WHAT YOU HAVE TO DO
Below are records to be repeated exactly. Leave their pictures behind.
───── GIVEN RECORDS ─────
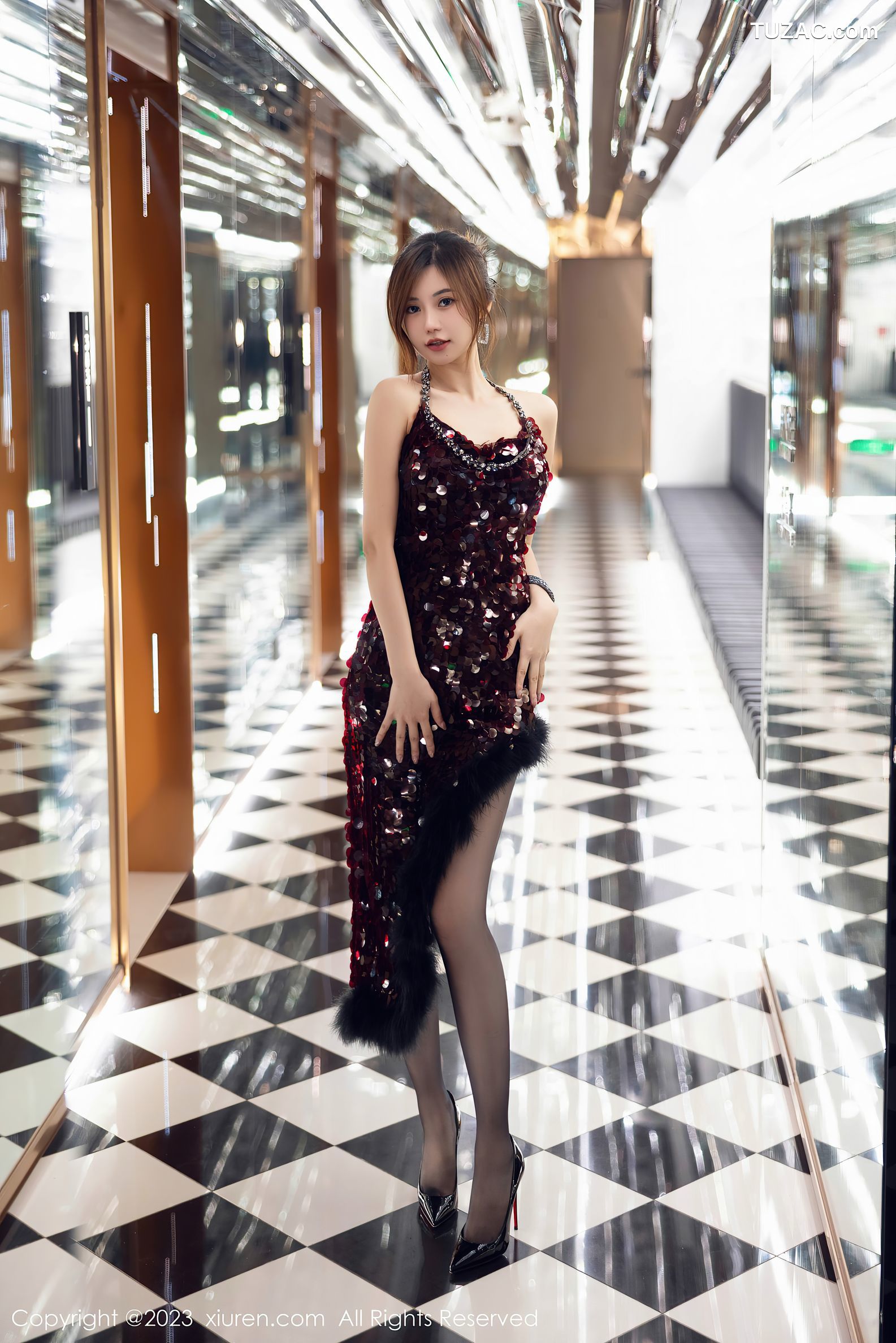 XiuRen秀人网-7679-绮里嘉ula-暗红色吊带长裙黑蕾丝内衣黑丝-2023.11.17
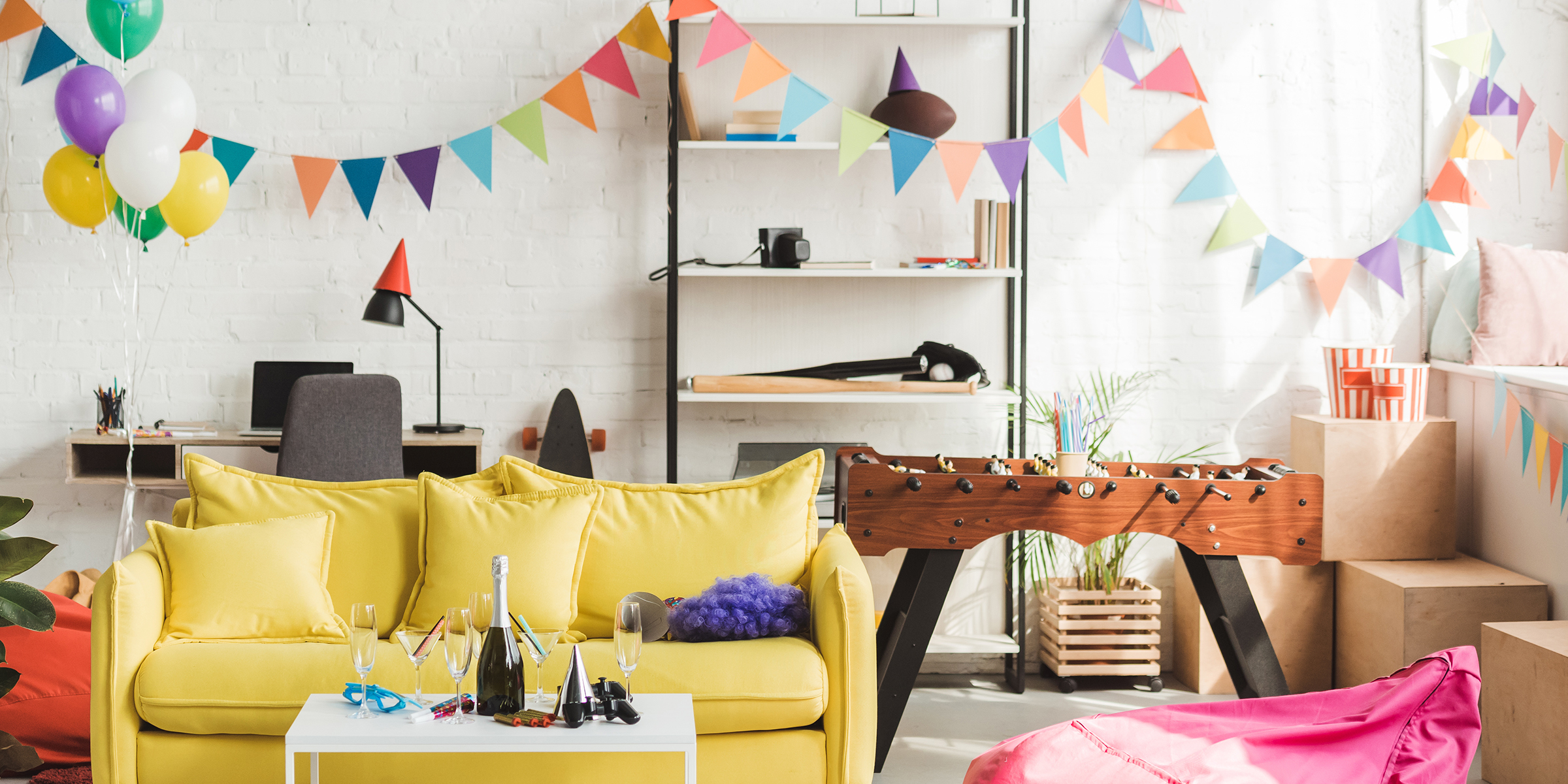 Decoración festiva en una sala | Fuente: Shutterstock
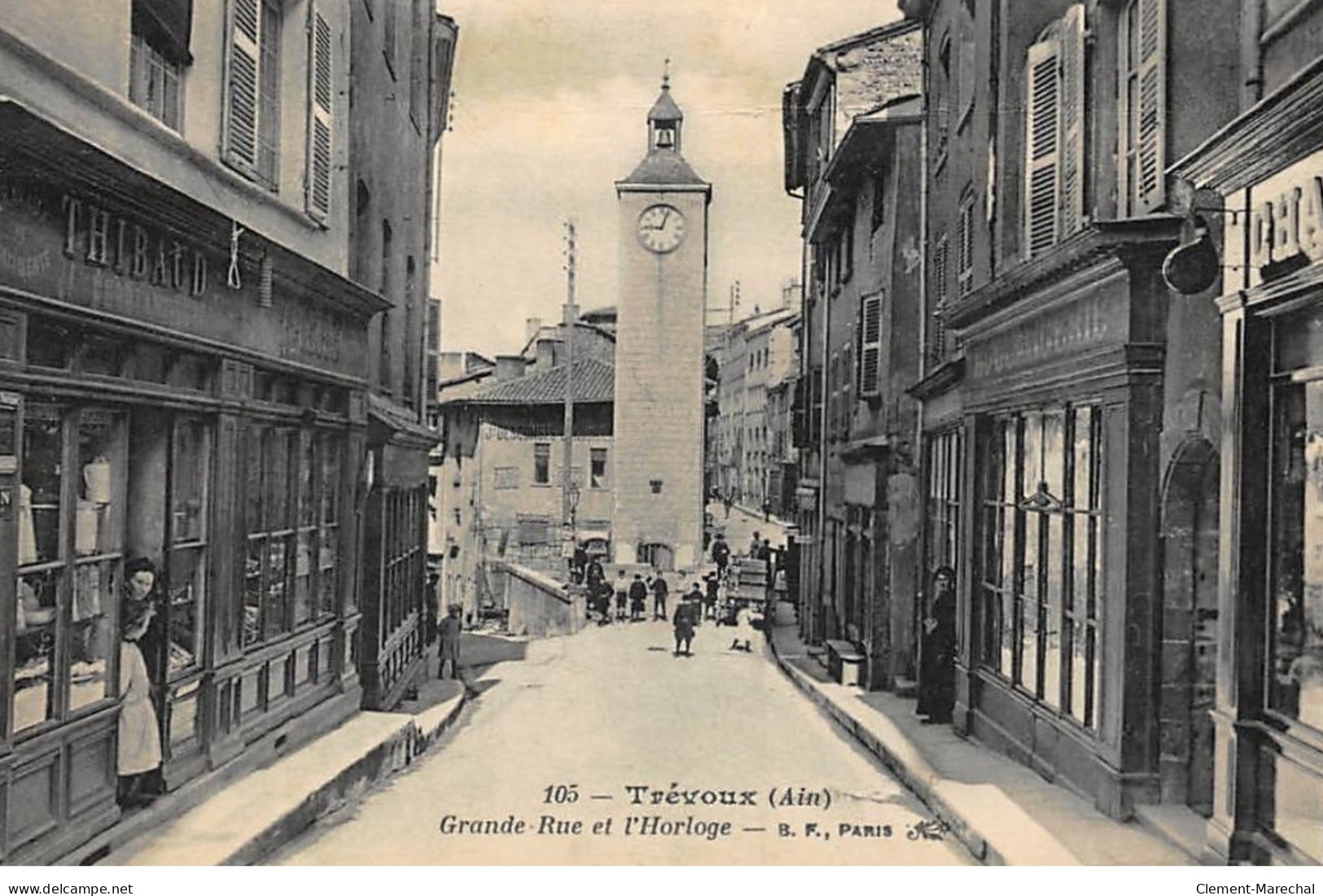 TREVOUX : Grande-rueet L'horloge - Etat - Trévoux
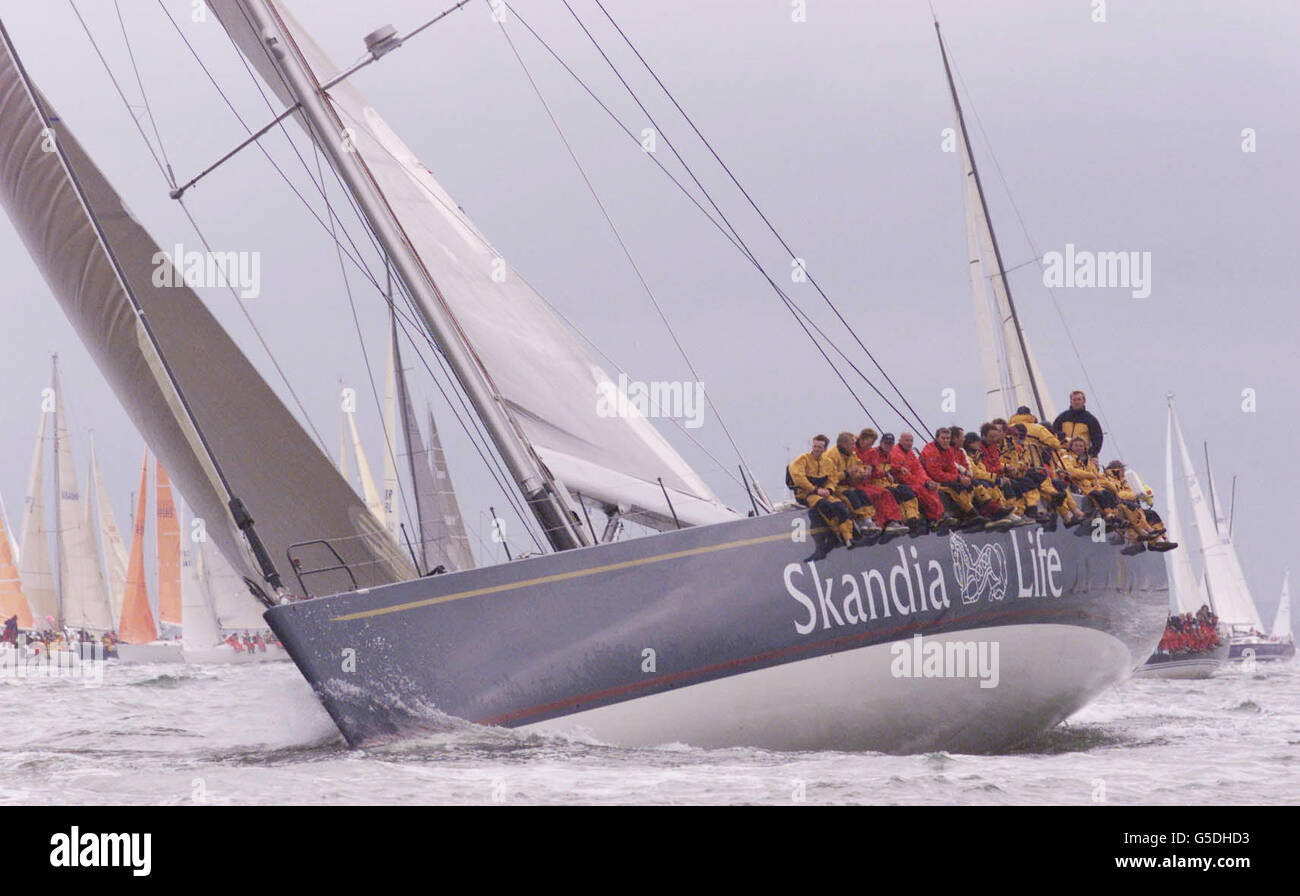 Skandia Life Leopard lors de la 65e course annuelle Hoya Round Island, au large de l'île de Wight, qui a écrasé le record du monocoque d'une heure et quatre minutes. *...1,735 Craft a pris part à la course de cette année, qui est la plus grande course de voile au monde impliquant des bateaux amateurs et professionnels de toutes tailles course dans le sens anti-horaire 50 milles nautiques autour de l'île pour le Gold Roman Bowl. Banque D'Images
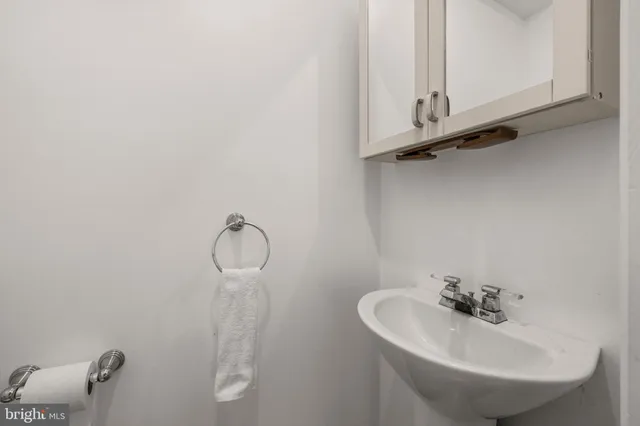 $675,000 | 11110 Saffold Way, Reston, VA 20190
─────
EXERCISE RESULT
 XiuRen秀人网-7679-绮里嘉ula-暗红色吊带长裙黑蕾丝内衣黑丝-2023.11.17
 Decoración festiva en una sala | Fuente: Shutterstock
 TREVOUX : Grande-rueet L'horloge - Etat - Trévoux
 Skandia Life Leopard lors de la 65e course annuelle Hoya Round Island, au large de l'île de Wight, qui a écrasé le record du monocoque d'une heure et quatre minutes. *...1,735 Craft a pris part à la course de cette année, qui est la plus grande course de voile au monde impliquant des bateaux amateurs et professionnels de toutes tailles course dans le sens anti-horaire 50 milles nautiques autour de l'île pour le Gold Roman Bowl. Banque D'Images
 $675,000 | 11110 Saffold Way, Reston, VA 20190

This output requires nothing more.